Tourism has become one of the world's major industries measured in terms of turnover, the number of employees and foreign currency earnings, having at the same time a huge impact on the environment. However, the future development of tourism depends on today's decisions that often do not take into account the positive and the negative impact on the tourism destinations' environment with long-term consequences that are not easily undone. System archetypes are generic structures that are responsible for generic patterns of behavior over time, especially behavior that is counterintuitive. The article aims to explore the possible use of system archetypes in order to increase socially responsible (SR), i.e. systemic thinking and behavior of tourism business organizations, based on the requisite holism theory.
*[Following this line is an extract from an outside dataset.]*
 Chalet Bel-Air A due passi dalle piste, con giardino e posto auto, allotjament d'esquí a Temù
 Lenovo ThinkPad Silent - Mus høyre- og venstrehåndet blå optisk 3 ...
The experimental design methodology has been used in order to test the assumption that individuals familiar with the system archetypes will be more likely to believe that tourism business organizations that operate in tourism destinations should be involved in attaining SR goals. Participants included managers, public authorities and community representatives and were divided into an experiment and a control group. The experiment group was exposed to a workshop on system archetypes, while the control group had no treatment. Structured quantitative interviews were used in order to test differences in attitudes and beliefs on SR of tourism business organizations among the experiment and the control group members.
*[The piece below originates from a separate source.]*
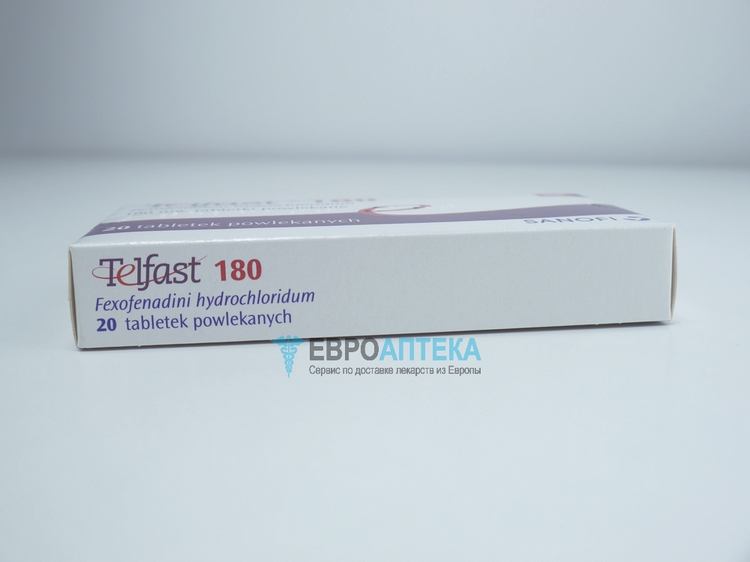 Купить Телфаст 180 мг, №20 - таблетки - ЕвроАптека - сервис по доставке .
Natural environment of tourism destinations as tourism's essential resource is often destroyed due to the lack of SR. The research results indicate that the exposure of individuals to system archetypes increased the understanding of importance of SR behavior of tourism business organizations. System archetypes increased individuals' comprehension of the fact that the non-linear causal relationship, time delay and hidden structures of the systems generate complex behavior resulting in damage to the natural environment of tourism destinations.
The survey research on a restricted number of subjects was applied. In order to overcome limitations of such an approach, the rigor procedure for data collection and analysis was used.
Managers of tourism business organizations could use system archetypes to analyse the impact of their activities on tourism destinations environment and thus improve the social responsibility of their decisions. The authors propose the formation of system archetypes and their applications repository in an organized environment to enhance understanding of SR behavior of tourism business organizations.
The authors used experimental design in order to test whether exposure of stakeholders' to system archetypes changes their attitudes regarding SR, with the goal to increase the understanding of various conflicts that emerge from the fact that tourism depends on unspoiled environment and at the same time tourism is a potential polluter. Available literature offers no similar applications of the system archetype approach to systemic behavior via SR in tourism.